Cool! We’re already doing this in San Francisco with coworking. From the coworking wiki (http://coworking.pbwiki.com):

“Coworking is cafe-like community/collaboration space for developers, writers and independents.

Or, it’s like this: start with a shared office and add cafe culture. Which is the opposite of most modern cafes. ;)”

There are two coworking spaces in San Francisco, ones opening in New York City, Boston, Paris, and all over the world. All of this is being done by other interesting folks, in a grassroots sort of way.

The space I’m involved in, the Hat Factory (http://hatfactory.net), we already have a great mix of people who come and work together. We have a bunch of the Drupal crew, the Civic Space guys, a tribe of leading video bloggers and videographers, and me, an open-source/Ajax/collaboration guy. Even though all of us used to work by ourselves from home or coffee shops, we now have more community around smart folks at coworking. You should join us.

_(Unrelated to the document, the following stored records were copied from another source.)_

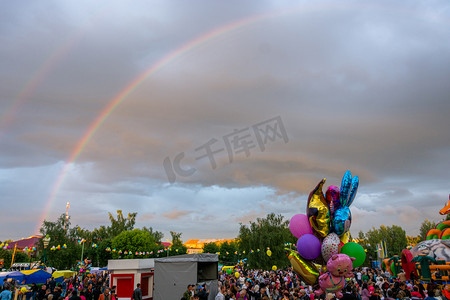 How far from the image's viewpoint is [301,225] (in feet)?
51.8

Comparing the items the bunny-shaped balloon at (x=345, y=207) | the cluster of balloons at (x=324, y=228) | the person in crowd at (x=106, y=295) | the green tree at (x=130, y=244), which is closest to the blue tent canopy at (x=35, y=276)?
the person in crowd at (x=106, y=295)

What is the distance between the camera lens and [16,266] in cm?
4469

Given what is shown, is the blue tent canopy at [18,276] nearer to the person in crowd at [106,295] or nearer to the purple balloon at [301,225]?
the person in crowd at [106,295]

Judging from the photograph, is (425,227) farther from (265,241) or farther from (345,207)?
(345,207)

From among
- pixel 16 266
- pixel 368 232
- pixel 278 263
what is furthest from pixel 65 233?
pixel 368 232

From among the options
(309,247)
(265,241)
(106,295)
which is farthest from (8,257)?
(309,247)

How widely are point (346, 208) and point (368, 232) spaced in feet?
208

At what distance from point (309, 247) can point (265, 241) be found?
30.4 meters

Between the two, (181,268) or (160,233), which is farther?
(160,233)

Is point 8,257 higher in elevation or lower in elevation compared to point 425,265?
lower

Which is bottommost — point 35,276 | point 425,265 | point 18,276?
point 35,276

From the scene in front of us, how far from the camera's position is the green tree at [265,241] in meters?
43.5

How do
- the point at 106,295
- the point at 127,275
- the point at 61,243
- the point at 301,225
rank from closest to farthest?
the point at 106,295 → the point at 301,225 → the point at 127,275 → the point at 61,243

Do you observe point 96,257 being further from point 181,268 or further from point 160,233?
point 181,268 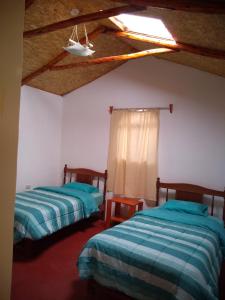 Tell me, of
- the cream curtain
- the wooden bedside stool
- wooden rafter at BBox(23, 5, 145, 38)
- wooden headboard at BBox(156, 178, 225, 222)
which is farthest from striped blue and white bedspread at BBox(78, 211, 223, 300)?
wooden rafter at BBox(23, 5, 145, 38)

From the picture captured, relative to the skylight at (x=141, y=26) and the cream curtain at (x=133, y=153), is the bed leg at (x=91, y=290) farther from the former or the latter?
the skylight at (x=141, y=26)

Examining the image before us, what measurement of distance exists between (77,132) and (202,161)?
2534 millimetres

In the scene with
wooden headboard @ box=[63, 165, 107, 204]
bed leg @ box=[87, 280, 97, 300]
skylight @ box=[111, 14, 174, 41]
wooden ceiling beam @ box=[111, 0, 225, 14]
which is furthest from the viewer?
wooden headboard @ box=[63, 165, 107, 204]

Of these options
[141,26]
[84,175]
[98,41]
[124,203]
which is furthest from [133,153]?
[141,26]

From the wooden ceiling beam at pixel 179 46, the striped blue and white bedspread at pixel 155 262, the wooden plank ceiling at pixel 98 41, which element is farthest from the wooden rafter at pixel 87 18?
the striped blue and white bedspread at pixel 155 262

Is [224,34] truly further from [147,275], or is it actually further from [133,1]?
[147,275]

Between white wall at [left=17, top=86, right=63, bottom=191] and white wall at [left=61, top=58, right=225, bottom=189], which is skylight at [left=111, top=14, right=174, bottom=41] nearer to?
white wall at [left=61, top=58, right=225, bottom=189]

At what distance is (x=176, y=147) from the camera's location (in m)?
4.07

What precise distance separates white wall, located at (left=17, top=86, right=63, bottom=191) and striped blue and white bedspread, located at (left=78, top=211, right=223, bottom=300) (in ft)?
8.47

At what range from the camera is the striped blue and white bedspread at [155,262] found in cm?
188

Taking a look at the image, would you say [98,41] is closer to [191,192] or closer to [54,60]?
[54,60]

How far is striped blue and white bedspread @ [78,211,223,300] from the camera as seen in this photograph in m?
1.88

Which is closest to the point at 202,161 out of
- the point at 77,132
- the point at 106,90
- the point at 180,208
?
the point at 180,208

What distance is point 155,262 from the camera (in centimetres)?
202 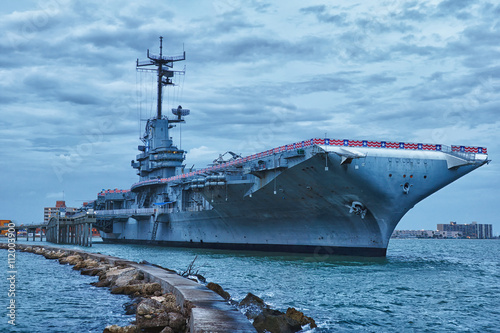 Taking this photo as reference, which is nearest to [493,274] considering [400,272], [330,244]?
[400,272]

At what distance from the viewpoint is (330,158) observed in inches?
1008

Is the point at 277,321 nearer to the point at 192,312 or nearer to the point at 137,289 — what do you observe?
the point at 192,312

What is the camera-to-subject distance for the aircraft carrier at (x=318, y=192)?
2647 cm

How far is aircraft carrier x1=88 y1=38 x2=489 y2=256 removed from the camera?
1042 inches

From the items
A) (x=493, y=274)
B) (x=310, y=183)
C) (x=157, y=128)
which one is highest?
(x=157, y=128)

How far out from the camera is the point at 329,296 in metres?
17.0

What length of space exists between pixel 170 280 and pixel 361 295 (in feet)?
21.3

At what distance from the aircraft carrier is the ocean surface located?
285 cm

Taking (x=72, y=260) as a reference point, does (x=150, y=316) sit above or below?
above

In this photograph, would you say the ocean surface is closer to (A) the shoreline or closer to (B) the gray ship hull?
(A) the shoreline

Brad Neuberg bkn3@columbia.edi Weblog: http://codinginparadise.org

posted by Brad Neuberg on October 31, 2006 #

Amazing though this may be (since no one seems to know what Ning was actually trying to do) this sounds a lot like what Ning was working on. * Host everything with the idea of eventually running ads. * Offer users help — in terms of free support, paid development, etc. — in getting their apps up and running. When you see popular apps, help make them better and more usable. * When users are succeeding, help them succeed further via promotion — front page, in site, external ads, etc.

So, I certainly don’t think you’re the only person who has thought of this, although perhaps Ning’s attempt was simpyl too constrained: You weren’t letting people take advantage of their natural and existing strengths, instead forcing them into a different framework, and really taking away a large part of the benefit of offering a shared space that the company could take advantage of.